«Qui in medicina è una bolgia»

19 Gennaio 2018

Un infermiere replica a Monticelli: gravi carenze di personale

ATRI. Bene i dati sull’attività dell’ospedale di Atri illustrati dal consigliere regionale Luciano Monticelli, ma ci sono gravi carenze di personale. E’ l’estrema sintesi del messaggio di un infermiere dell’ospedale di Atri, che replica a Monticelli non per partito preso, quanto si dichiara elettore del Pd, ma per amore di verità.
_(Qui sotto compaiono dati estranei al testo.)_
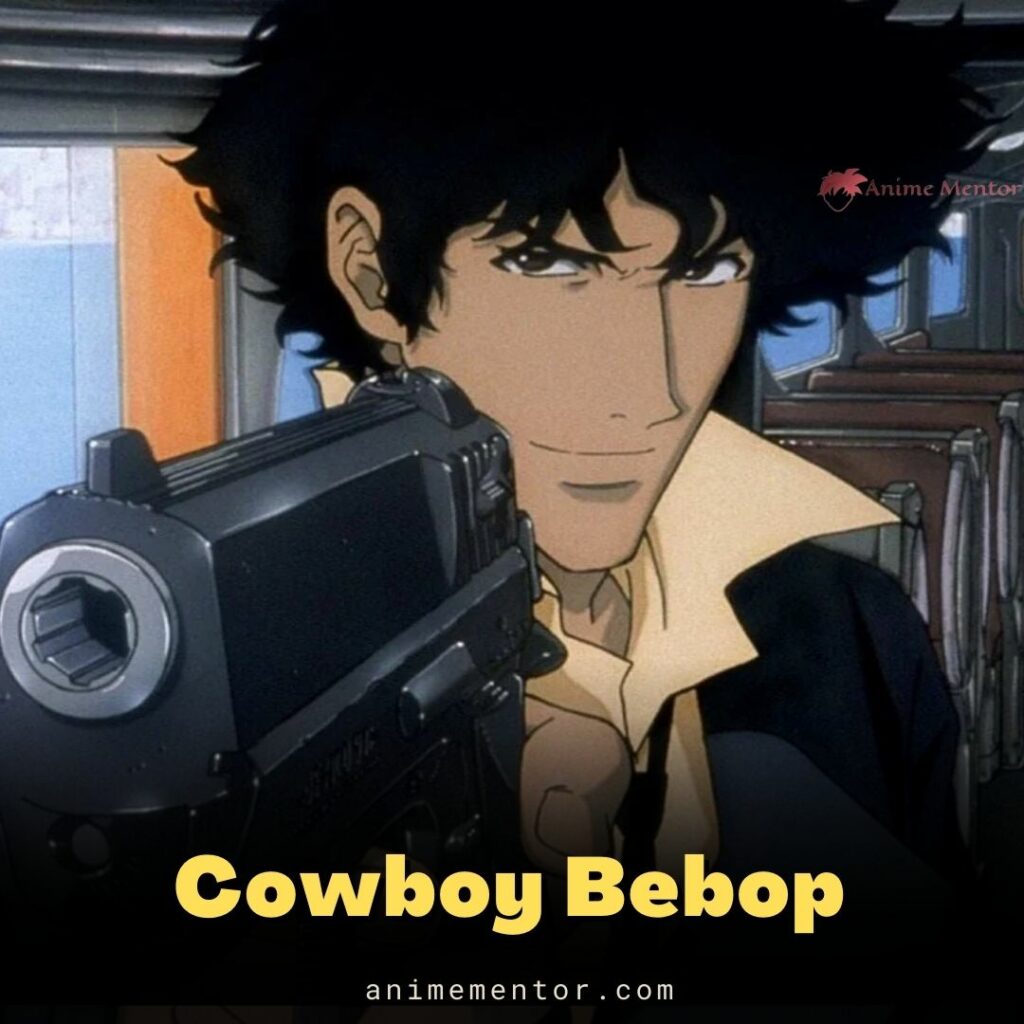 Cowboy Bebop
«Io mi sono trasferito ormai da nove anni in Abruzzo e lavoro nella Asl di Teramo da circa 7 anni come infermiere e faccio questo lavoro da 20 prima a Bologna poi nelle Marche ed infine in Abruzzo», esordisce l’infermiere , che invita a vedere qual è la situazione del reparto di medicina, «che cosa fanno e in che condizioni lavorano medici, infermieri, Oss. In questo reparto ci sono 36 pazienti più gli appoggiati nei vari reparti di chirurgia, ortopedia e cardiologia. Poi è il reparto con il maggior afflusso da pronto soccorso, oltre a fare consulenze. Di fronte a tutto questo il personale infermieristico e ausiliario é inferiore rispetto alle leggi italiane di 6 infermieri e 4 Oss. Il reparto arriva molto spesso ad avere il doppio dei pazienti con gli appoggi negli altri reparti. Parliamo di un reparto ad intensità assistenziale con un grande turn over di pazienti tra ricoveri dal pronto soccorso, trasferimenti degli appoggi e chi più ne ha più ne metta. In poche parole é una bolgia».
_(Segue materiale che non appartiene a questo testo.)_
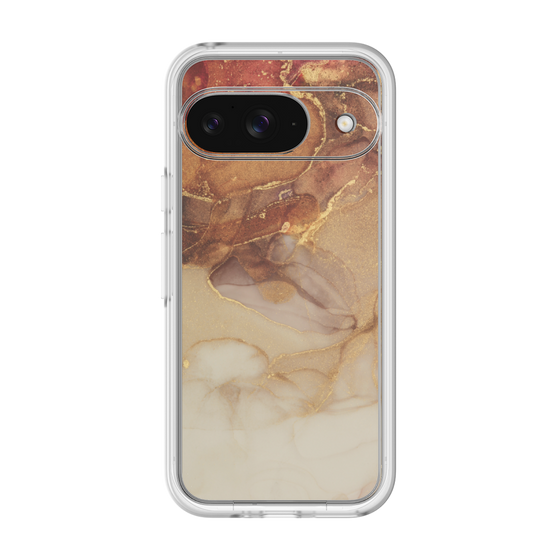 Premium Panel［ Marble Brown ］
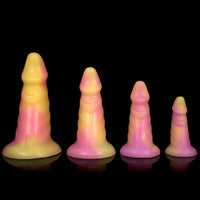 Dildo com Ventosa Duke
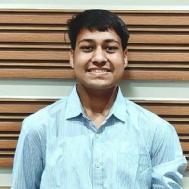 Manan Garg Class I-V Tuition trainer in Jaipur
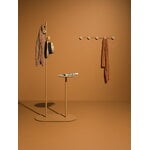 Mizetto Garderobe Bloom Wall, tiefbraun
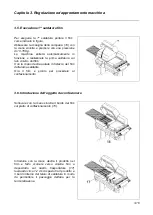 Preview for 34 page of Minipack-Torre FM76SA Digit Instruction Manual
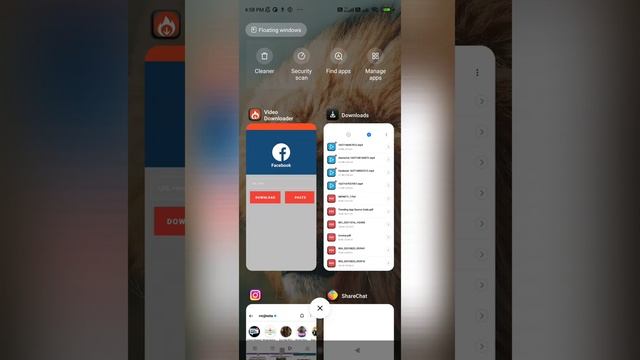 WhatsApp Status downloader ,|Share Chat, Facebook, Instagram Video downloader| android 11 Support смотреть онлайн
Il problema è prioritario, sottolinea l’infermiere: «La sanità é un bene prezioso che va tutelato: avere il giusto numero di personale é basilare, si ha a che fare con le persone, con la loro salute che é fatta di corpo ma anche di mente. Con i pazienti devi anche aver tempo di parlare e di rassicurarli e aiutarli». (a.f.)